Data: Begin

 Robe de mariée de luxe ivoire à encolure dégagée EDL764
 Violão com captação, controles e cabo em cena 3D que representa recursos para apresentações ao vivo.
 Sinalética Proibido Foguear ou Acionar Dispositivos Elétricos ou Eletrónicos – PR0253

Data: End
Data: Begin

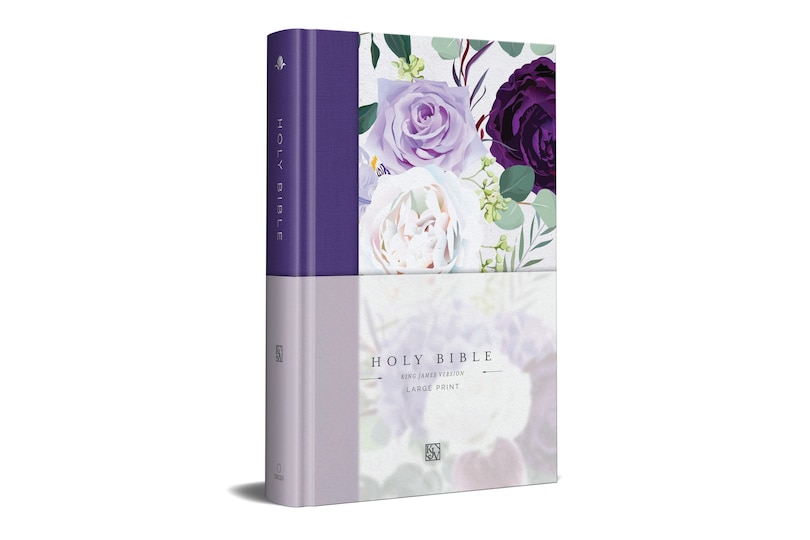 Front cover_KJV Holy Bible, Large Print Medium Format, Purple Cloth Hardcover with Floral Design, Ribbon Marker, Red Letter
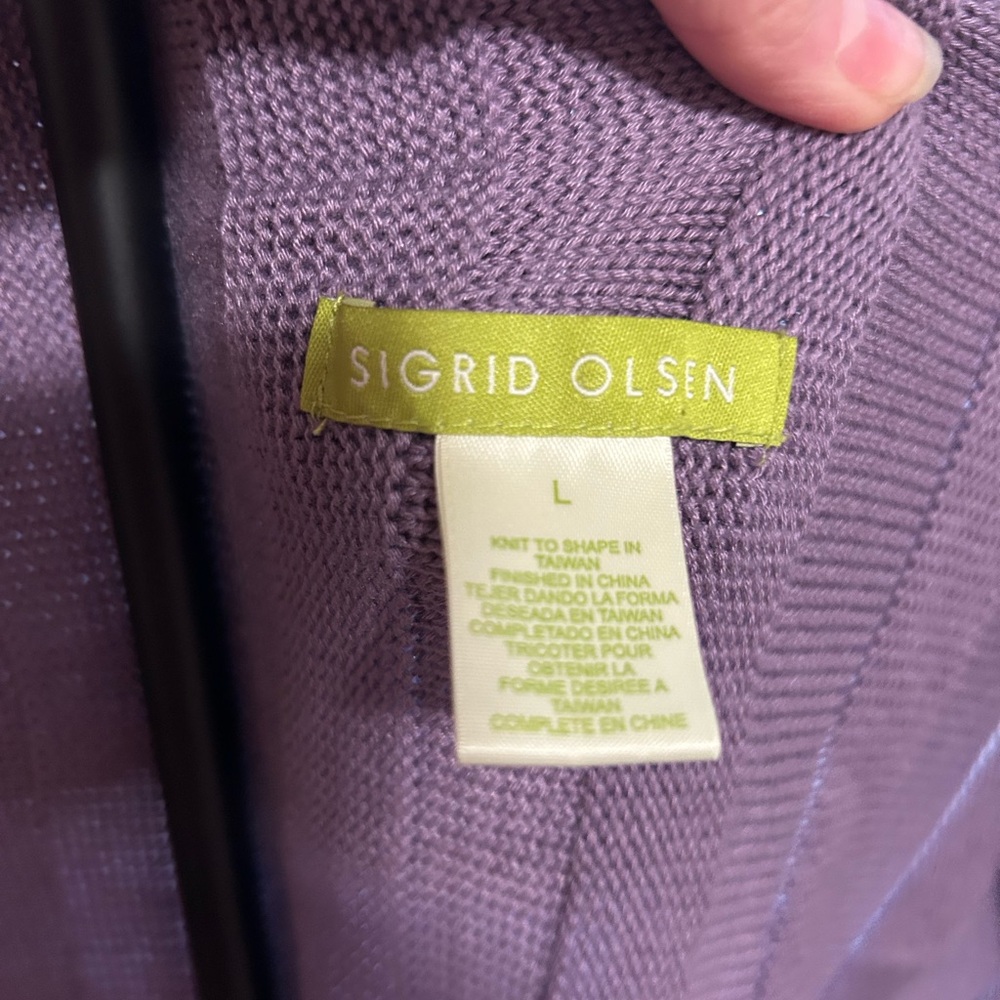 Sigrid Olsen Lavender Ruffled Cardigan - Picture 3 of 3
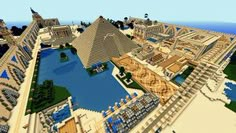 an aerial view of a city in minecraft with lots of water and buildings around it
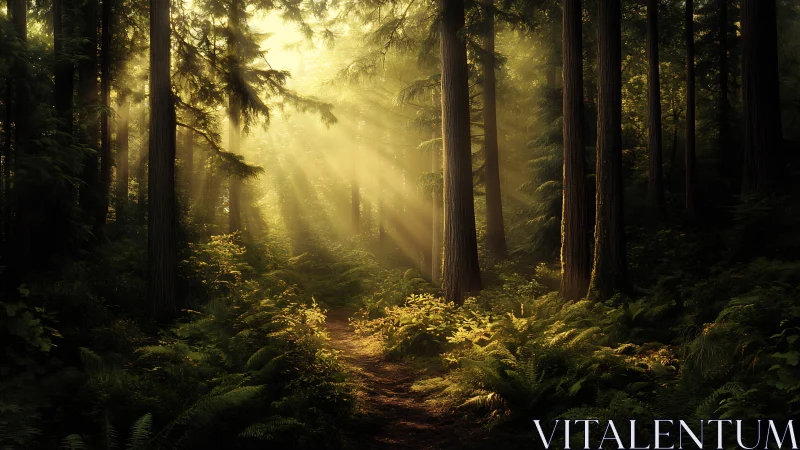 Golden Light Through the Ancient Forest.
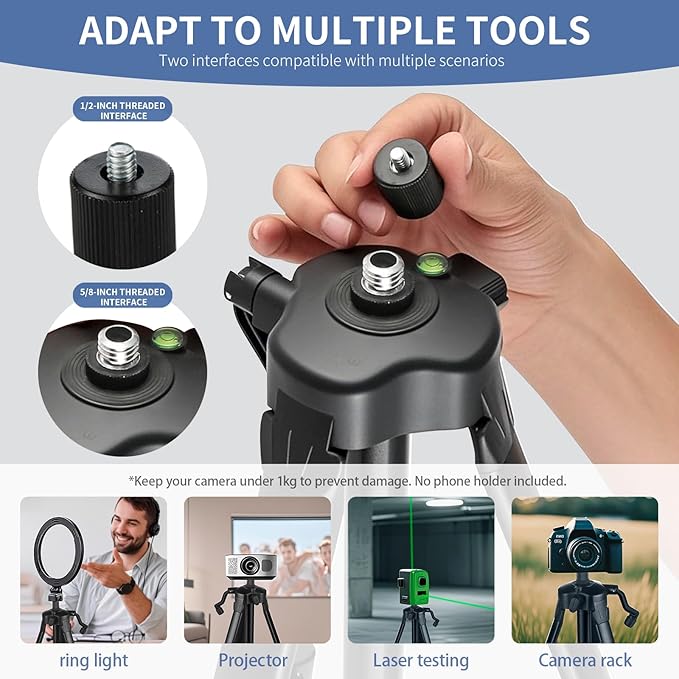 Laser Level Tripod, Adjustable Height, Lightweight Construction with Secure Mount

Data: End

* _What you will do_: What you give back should be only the lines of the records above, starting at the line with "Robe de mariée" and ending at the line with "Sinalética Proibido Foguear", restated word for word.

* _Solution for this exercise_:
 Robe de mariée de luxe ivoire à encolure dégagée EDL764
 Violão com captação, controles e cabo em cena 3D que representa recursos para apresentações ao vivo.
 Sinalética Proibido Foguear ou Acionar Dispositivos Elétricos ou Eletrónicos – PR0253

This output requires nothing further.